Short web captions
* * * * * * * * *
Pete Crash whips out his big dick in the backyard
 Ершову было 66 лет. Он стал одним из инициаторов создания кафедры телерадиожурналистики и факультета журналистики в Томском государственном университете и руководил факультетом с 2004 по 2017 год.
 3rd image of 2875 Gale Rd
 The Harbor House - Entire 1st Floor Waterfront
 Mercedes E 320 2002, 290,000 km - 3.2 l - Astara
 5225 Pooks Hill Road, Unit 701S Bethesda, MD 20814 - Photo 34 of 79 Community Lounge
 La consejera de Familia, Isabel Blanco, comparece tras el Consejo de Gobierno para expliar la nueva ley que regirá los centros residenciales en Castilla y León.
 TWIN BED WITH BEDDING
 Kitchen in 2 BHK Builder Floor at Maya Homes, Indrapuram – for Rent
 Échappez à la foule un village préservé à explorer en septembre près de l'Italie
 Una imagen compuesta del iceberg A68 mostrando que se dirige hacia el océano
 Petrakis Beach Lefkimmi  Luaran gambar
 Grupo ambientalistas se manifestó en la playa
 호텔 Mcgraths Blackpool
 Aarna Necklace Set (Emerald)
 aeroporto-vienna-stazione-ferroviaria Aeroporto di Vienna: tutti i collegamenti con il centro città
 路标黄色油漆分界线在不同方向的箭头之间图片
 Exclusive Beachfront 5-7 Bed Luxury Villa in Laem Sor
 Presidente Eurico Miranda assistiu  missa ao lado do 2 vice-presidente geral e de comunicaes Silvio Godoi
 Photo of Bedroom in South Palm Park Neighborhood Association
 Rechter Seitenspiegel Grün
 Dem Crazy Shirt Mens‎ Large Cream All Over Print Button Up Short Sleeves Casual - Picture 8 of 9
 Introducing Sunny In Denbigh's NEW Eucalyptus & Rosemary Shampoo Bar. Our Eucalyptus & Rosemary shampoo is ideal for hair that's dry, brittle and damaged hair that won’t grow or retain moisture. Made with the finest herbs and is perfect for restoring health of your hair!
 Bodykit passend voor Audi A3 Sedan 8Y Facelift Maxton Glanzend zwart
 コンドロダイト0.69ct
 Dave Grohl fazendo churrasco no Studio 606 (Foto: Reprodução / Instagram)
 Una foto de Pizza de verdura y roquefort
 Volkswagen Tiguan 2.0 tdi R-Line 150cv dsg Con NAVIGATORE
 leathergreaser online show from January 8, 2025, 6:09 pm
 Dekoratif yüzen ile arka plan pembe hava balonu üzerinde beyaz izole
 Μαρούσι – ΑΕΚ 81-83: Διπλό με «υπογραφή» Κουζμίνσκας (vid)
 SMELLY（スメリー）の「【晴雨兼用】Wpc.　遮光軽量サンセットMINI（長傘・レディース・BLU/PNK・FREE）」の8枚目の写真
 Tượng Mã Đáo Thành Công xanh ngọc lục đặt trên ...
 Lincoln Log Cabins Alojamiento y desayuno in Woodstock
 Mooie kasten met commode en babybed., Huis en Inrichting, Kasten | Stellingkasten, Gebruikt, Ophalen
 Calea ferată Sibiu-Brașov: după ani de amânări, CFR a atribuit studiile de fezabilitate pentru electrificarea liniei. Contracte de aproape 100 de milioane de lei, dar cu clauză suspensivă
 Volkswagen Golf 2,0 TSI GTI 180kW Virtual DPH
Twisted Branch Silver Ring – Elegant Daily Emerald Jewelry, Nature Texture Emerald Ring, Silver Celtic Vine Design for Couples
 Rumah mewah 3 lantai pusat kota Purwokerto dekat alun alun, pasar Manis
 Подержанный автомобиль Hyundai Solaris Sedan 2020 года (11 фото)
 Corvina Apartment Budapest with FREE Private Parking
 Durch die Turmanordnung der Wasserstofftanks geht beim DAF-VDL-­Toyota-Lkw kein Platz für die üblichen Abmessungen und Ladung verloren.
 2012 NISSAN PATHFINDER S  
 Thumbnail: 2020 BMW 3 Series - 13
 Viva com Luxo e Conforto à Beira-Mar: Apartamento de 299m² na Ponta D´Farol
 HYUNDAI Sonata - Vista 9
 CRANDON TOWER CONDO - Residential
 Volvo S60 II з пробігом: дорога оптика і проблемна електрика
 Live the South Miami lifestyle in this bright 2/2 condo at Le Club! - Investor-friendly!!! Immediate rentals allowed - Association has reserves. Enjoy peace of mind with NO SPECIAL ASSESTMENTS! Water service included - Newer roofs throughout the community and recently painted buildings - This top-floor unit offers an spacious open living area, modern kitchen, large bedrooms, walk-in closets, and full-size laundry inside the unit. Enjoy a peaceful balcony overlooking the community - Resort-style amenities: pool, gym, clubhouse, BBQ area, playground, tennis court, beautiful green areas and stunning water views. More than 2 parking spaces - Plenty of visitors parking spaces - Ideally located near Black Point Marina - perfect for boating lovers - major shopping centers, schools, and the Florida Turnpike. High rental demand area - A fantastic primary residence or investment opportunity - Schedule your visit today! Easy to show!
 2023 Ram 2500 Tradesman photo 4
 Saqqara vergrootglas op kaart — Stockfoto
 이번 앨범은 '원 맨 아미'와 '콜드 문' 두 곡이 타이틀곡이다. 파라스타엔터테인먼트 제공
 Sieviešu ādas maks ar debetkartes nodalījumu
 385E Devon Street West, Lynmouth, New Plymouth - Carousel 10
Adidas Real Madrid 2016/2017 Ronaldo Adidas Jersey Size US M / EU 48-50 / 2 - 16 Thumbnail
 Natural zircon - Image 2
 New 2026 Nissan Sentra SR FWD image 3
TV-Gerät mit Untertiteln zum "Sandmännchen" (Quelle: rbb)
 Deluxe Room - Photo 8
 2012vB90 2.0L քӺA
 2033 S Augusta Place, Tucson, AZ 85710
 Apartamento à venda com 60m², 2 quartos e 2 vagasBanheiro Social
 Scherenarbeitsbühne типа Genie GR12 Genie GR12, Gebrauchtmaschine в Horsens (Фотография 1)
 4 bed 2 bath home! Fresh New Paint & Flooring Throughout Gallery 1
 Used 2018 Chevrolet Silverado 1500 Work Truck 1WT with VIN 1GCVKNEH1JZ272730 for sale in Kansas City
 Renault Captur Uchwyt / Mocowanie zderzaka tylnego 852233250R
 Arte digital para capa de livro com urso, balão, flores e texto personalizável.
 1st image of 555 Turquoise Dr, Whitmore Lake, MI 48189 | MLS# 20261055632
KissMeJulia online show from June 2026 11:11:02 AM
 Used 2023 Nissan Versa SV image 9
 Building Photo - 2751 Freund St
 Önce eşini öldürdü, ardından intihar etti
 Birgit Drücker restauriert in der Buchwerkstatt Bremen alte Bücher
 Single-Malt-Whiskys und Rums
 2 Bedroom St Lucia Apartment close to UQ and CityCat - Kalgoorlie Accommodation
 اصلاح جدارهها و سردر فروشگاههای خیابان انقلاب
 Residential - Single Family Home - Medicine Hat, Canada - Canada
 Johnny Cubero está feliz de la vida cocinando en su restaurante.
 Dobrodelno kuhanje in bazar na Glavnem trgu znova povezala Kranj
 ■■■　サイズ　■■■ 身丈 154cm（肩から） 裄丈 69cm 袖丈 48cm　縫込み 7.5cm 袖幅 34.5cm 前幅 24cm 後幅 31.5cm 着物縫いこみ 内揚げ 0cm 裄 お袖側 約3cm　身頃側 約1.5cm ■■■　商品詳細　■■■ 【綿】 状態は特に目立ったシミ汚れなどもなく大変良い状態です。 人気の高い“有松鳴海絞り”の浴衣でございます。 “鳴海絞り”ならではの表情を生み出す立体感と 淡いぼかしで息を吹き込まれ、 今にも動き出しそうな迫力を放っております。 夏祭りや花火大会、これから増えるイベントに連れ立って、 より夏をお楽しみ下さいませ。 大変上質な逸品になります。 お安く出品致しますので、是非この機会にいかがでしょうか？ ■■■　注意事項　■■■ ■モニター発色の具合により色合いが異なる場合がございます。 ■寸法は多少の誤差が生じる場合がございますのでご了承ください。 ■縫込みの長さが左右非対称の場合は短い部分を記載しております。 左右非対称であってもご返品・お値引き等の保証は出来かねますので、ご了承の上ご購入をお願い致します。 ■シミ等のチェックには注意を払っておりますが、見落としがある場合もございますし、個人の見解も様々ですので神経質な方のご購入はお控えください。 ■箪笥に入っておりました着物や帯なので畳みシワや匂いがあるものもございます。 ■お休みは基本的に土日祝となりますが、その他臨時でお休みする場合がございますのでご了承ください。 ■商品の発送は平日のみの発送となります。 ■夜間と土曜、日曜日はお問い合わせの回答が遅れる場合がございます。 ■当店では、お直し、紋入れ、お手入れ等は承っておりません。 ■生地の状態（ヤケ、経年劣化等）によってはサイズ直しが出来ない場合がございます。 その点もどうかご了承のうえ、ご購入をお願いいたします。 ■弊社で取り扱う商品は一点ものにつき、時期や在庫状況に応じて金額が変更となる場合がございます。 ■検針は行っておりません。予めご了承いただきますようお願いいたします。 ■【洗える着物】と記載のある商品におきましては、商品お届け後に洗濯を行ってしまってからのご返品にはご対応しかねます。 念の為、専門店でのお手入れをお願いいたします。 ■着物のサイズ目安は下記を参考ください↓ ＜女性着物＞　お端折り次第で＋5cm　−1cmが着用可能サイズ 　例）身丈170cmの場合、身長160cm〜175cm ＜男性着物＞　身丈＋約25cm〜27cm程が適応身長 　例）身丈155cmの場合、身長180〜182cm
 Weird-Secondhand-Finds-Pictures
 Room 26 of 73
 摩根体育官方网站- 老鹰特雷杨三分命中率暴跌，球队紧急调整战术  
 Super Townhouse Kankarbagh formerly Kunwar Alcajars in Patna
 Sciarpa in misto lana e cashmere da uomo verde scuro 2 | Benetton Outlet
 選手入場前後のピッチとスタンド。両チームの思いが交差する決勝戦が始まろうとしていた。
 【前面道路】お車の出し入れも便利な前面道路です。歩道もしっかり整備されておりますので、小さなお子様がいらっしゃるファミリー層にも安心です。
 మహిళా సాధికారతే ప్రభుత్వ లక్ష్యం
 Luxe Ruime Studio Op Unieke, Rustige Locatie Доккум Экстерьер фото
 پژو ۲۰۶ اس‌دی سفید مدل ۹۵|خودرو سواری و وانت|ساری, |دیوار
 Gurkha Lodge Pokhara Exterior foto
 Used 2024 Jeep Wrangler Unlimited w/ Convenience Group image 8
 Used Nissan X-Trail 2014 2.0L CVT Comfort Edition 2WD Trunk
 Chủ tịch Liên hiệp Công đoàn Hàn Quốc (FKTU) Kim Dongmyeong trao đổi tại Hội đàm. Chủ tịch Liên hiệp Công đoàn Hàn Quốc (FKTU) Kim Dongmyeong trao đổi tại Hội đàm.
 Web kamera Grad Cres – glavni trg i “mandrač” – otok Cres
* * * * * * * * *
### [EXERCISE DETAILS]
Give again exactly, and only, the lines above starting at the one with "Viva com Luxo" and ending at the one with "Volvo S60 II".

### [ANSWER SPACE]
 Viva com Luxo e Conforto à Beira-Mar: Apartamento de 299m² na Ponta D´Farol
 HYUNDAI Sonata - Vista 9
 CRANDON TOWER CONDO - Residential
 Volvo S60 II з пробігом: дорога оптика і проблемна електрика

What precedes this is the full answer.